Primecare Medical Group hired its first nurse practitioner 20 years ago, at a time when it needed some help but didn’t have quite the patient base for another full-time physician.
Today, four of the practice’s six providers are NPs. Jim King, one of Primecare’s physicians, and the president-elect of the American Academy of Family Physicians (AAFP), says part of the reason is the difficulty of recruiting doctors to rural locations like Selma, Tenn., where the practice is based.
“An NP or PA [physician assistant] can be very helpful when the physician has a full schedule and [patients] have acute-care needs,” agrees Tom Weida, a family physician with Hershey Medical Center’s University Physician Group in Pennsylvania. His 12-provider office has one of each.
Thanks to these so-called nonphysician providers — a term that also applies to nurse-midwives — patients “can get high-quality care and [get faster] access,” says Weida.
While physicians must supervise the work of nonphysician providers, the relationship between them is often more collaborative than authoritative, and although varying state regulations dictate some of the care parameters, you have significant latitude in what you deem an appropriate supervisory level.
The usage of nonphysician providers is growing sharply — one-third over the past five years for family practices and more than 20 percent for nearly all single-specialty groups — according to Medical Group Management Association data. By and large, the results have been positive for both patients and practices.
Might a nonphysician provider satisfy your needs over a full-fledged physician, who will cost more and probably be more difficult to recruit and retain? Are there distinct financial benefits? And, most importantly, will your patients accept a nonphysician as a “real” provider?
Yes, yes, and yes. If you do it right.
So, what do they do?
PA and NP duties overlap to a large extent. “Folks will use them for acute care, chronic care, physicals, well visits,” says Weida. Other possible tasks within the scope of PA and NP responsibilities include ordering and interpreting lab tests, performing hospital rounds, prescribing drugs (except in Indiana; other states mandate certain restrictions), and even taking call. Some PAs also perform minor surgeries or serve as first assist to a surgeon, while many NPs take the lead on patient education. “Our NP is in charge of our patient education committee,” says Weida. “She helps manage the patient education materials on our bulletin boards.”

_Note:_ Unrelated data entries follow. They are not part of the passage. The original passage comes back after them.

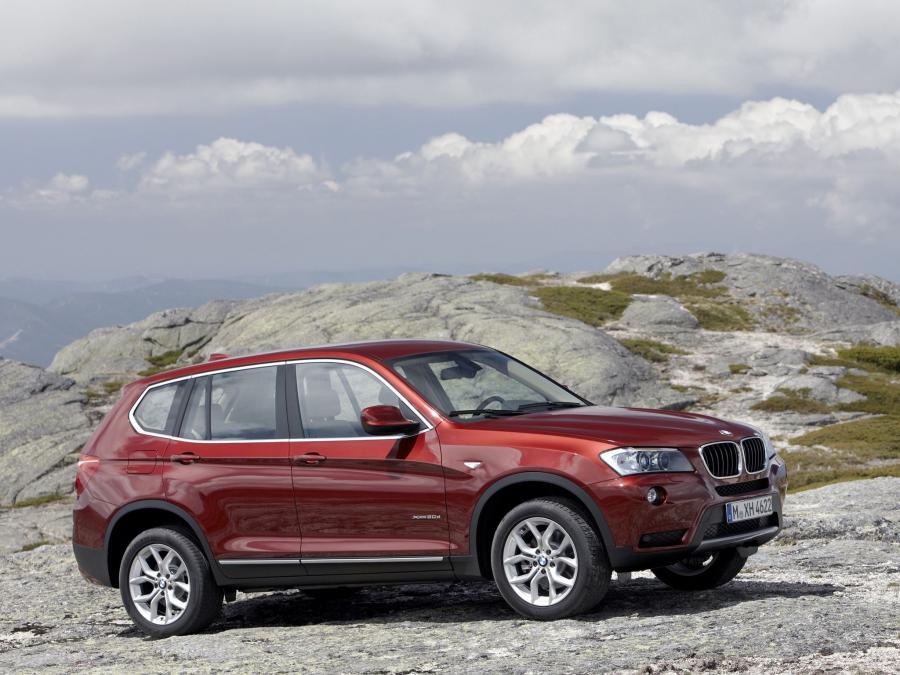  BMW X3 xDrive 2.0d 2010 года  (фото 116 из 127)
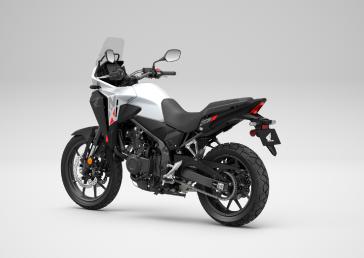 2025 Honda NX500 Pearl White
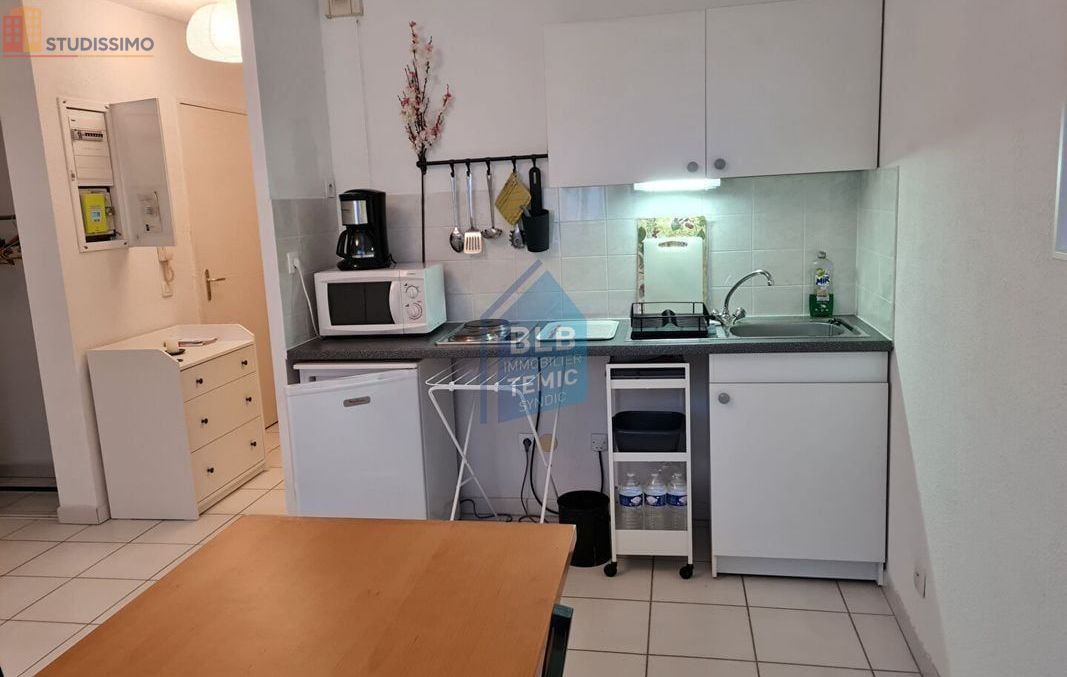 Studio meublé 24m² Montpellier centre - Lumineux - Photo 4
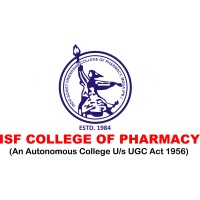ISF COLLEGE OF PHARMACY Logo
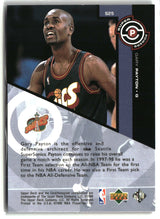 Gary Payton 1998-99 Upper Deck Super Powers #S25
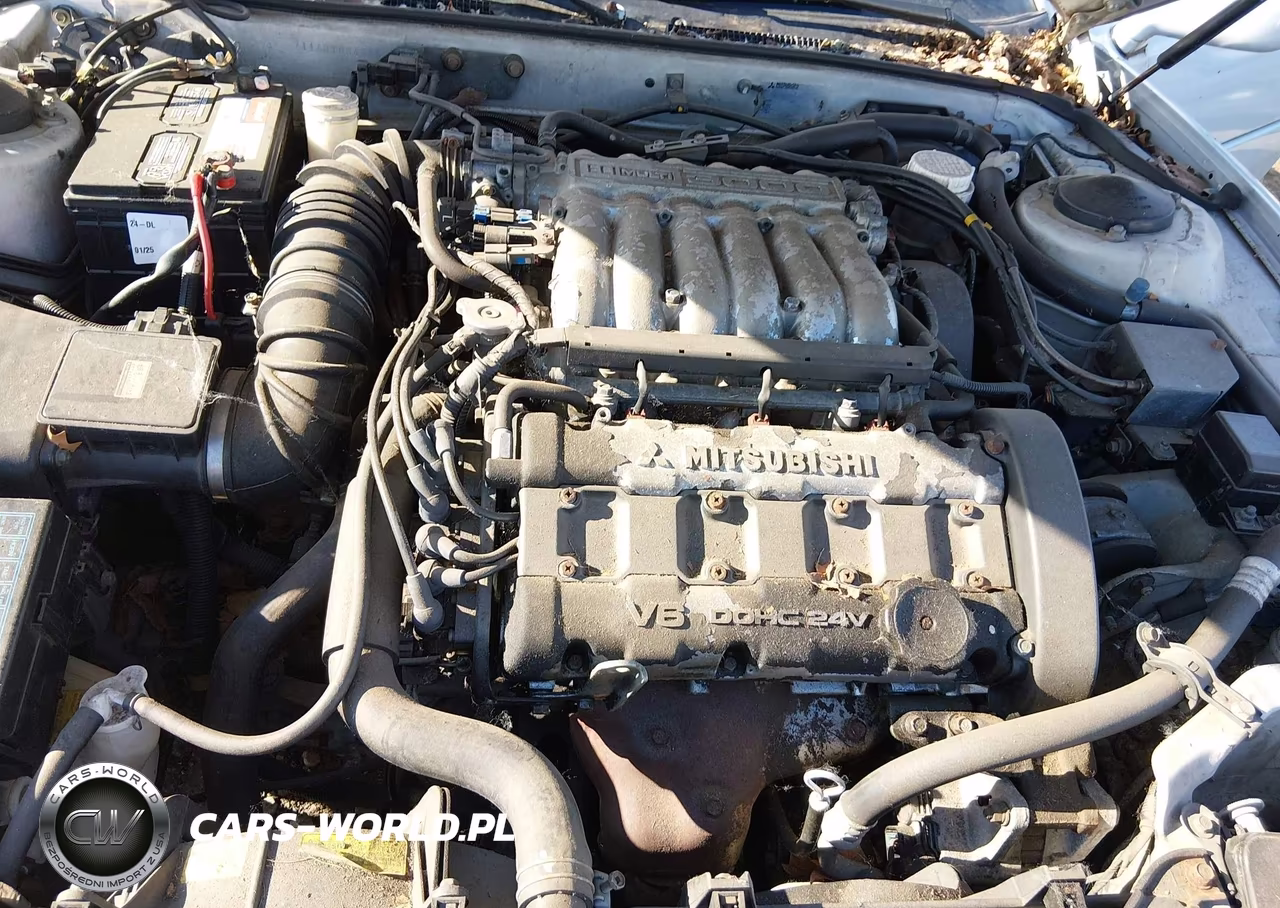 1994 Mitsubishi 3000 Gt Sl VIN:JA3AM64J9RY034885 - 10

The exact functions assigned to your NP are largely up to you. “There are many ways an NP or PA can be utilized,” Weida says. “In our clinic, we let them see patients. In other clinics, they see patients, but the doctor follows up with each patient.” Regardless, count on a nonphysician provider to help shift the nature of your workload, allowing you to focus on more complex patient concerns. “We accept them into the team and have them do a full range of services, which is consistent with the [concept of the] personal medical home, which we advocate,” Weida says.
With so much similarity, which is right for your practice? That depends on your exact circumstances. If you perform many minor surgeries, such as mole removal, perhaps you should go with a PA. If you champion preventive healthcare, maybe an NP makes more sense. Or your decision may be purely geographical. “No PAs here,” says King of his rural location.
Will patients accept them?
Most of your patients will welcome a nonphysician provider on your staff, particularly after reaping the main benefit: “They can usually get an appointment sooner,” notes King. “Most of the patients receive the NP quite well, as long as they know she is working with a physician. They’re comfortable knowing the NP can go talk to the doctor for anything.”
In fact, about 10 percent of patients in King’s practice prefer to see the NP exclusively. Then again, about an equal number insist on a doctor under all circumstances. “I do have some patients who refuse to see an NP and want to work with the doctor,” says King “Each person decides on his own comfort level.” For the rest, the decision is a question of problem magnitude: “If they have chest pain, they’ll want to see the doctor. For a cold, they’re comfortable with the nurse practitioner.”